Lemmatized Words: ['grows', 'leaf', 'fairly', 'cat', 'trouble', 'running', 'friendship', 'easily', 'wa', 'relational', 'ha']
Lemmatized Words with POS=Noun: ['grows', 'leaf', 'fairly', 'cat', 'trouble', 'running', 'friendship', 'easily', 'wa', 'relational', 'ha']
Lemmatized Words with POS=Verb: ['grow', 'leave', 'fairly', 'cat', 'trouble', 'run', 'friendships', 'easily', 'be', 'relational', 'have']

Example:
Difference in lemmatization with POS for 'leaves': leaf(with POS=Noun), leave(with POS=Verb)

Lemmatized Corpus(Partially Displayed) - 
Fellow-Citizens of the Senate and of the House of Representatives: Among the vicissitude incident to life no event could have filled me with greater anxiety than that of which the notification wa transmitted by your order, and received on the 14th day of the present month . On the one hand, I wa summoned by my Country, whose voice I can never hear but with veneration and love, from a retreat which I had chosen with the fondest predilection, and, in

**Question:** Give example of two words which have same stem but different lemma? Show the stem and lemma of both words in the code below 



**Answer here:** Two suitable words can be "leaving" and "leaves".

In [6]:
#TODO
# Write code to print the stem and lemma of both your words
w1 = "leaving"
w2 = "leaves"

lmw1 = lemmatizer.lemmatize(w1)
lmw2 = lemmatizer.lemmatize(w2, pos="a")
psw1 = ps.stem(w1)
psw2 = ps.stem(w2)

print("Original words:   {}, {}".format(w1, w2))
print("Lemmatized words: {}, {}".format(lmw1, lmw2))
print("Stemmed words:    {}, {}".format(psw1, psw2))

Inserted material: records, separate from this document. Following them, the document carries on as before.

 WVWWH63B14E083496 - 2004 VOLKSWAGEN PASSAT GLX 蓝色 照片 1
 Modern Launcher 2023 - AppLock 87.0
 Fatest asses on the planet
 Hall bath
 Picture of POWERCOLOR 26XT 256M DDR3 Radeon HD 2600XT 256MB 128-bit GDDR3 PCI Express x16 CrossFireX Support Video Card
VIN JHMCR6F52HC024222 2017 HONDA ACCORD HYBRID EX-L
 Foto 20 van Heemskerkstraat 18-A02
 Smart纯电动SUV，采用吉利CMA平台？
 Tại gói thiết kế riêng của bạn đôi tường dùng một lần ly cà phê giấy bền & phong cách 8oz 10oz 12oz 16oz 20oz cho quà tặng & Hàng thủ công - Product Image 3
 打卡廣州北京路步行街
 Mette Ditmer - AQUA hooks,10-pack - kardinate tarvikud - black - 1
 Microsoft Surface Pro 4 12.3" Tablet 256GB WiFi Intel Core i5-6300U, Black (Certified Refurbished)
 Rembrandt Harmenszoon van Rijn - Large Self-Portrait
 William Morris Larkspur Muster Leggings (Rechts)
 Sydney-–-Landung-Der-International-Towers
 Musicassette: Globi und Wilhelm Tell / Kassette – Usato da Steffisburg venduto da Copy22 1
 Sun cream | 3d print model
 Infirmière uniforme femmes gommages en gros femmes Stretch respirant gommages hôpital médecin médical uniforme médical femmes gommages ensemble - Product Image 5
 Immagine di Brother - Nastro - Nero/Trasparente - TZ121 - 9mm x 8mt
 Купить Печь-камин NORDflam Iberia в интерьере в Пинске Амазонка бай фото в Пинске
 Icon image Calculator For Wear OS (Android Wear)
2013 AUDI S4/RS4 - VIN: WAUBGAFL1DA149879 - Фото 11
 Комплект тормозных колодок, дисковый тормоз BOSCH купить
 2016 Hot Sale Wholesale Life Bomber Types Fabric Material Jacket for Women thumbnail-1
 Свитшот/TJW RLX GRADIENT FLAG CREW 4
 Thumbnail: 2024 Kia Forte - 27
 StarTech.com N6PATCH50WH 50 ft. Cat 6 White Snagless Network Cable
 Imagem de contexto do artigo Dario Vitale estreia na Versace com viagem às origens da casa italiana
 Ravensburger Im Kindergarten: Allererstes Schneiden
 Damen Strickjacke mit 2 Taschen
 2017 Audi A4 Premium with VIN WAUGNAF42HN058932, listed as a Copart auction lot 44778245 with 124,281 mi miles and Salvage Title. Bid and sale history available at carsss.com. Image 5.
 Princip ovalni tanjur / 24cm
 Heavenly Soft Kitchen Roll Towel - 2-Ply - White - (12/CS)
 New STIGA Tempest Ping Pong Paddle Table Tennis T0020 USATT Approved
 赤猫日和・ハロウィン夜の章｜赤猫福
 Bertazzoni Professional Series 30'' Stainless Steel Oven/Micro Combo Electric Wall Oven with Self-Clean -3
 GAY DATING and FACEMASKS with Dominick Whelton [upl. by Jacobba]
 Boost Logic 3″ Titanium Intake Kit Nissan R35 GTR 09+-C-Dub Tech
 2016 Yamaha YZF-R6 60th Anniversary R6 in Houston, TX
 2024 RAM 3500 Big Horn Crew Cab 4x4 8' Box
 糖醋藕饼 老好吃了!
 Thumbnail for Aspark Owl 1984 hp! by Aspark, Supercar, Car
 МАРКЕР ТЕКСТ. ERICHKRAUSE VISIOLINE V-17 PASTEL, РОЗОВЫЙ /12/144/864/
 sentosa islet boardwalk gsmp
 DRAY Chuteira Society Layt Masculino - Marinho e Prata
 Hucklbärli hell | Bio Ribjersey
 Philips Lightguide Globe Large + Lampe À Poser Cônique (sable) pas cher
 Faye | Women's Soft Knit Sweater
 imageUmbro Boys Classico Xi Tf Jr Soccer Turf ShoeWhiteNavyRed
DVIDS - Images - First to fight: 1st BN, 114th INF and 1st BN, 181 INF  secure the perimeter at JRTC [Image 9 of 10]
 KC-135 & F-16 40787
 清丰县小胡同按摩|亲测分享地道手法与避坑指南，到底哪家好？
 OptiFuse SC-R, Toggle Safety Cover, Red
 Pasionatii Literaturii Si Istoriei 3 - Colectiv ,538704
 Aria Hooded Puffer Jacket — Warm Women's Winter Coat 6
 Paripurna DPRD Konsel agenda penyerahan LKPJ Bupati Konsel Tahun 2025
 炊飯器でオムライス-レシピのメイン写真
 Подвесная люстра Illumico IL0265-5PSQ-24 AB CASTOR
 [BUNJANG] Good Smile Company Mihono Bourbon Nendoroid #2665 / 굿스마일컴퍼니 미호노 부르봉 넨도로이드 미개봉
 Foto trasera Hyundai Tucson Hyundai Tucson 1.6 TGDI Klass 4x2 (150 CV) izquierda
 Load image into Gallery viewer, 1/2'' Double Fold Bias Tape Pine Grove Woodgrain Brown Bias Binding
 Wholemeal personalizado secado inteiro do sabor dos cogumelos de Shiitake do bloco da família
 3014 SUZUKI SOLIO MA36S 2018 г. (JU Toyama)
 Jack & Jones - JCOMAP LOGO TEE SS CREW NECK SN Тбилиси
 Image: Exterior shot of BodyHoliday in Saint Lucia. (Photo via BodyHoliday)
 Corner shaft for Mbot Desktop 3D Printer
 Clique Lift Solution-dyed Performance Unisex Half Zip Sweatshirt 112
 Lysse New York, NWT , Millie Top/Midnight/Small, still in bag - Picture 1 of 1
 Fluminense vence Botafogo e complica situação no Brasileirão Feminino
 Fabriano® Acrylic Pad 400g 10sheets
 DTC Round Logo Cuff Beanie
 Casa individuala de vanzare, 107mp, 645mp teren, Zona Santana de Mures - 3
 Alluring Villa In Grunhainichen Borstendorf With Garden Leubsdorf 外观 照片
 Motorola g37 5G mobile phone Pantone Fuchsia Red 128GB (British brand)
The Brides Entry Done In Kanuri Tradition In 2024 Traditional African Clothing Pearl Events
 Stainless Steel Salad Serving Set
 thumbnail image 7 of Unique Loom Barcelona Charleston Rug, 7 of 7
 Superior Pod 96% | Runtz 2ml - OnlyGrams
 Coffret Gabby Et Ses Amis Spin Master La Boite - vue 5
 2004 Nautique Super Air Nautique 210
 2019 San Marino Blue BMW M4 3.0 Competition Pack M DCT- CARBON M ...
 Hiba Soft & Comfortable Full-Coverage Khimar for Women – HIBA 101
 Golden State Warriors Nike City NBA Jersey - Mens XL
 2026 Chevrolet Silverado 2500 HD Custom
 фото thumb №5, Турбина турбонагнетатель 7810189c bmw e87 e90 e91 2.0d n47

Original words:   leaving, leaves
Lemmatized words: leaving, leaves
Stemmed words:    leav, leav


**Question:** Write a comparison between stemming and lemmatization?

**Answer here:** Stemming process only consists of rule-based algorithms for removal of prefix/suffux of a word and it doesn't take into account the word morphology or the tense of the word in the text. Lemmatization makes use of morphological analysis and a word vocabulary for removing suffix/prefix of words and tries to conserve the meaning of the word. (Similar to how "leaving" and "leaves" both were stemmed to "leav", which is a shorter version but not an actual word, while lemmatization retains the original words to conserve the sematic correctness.)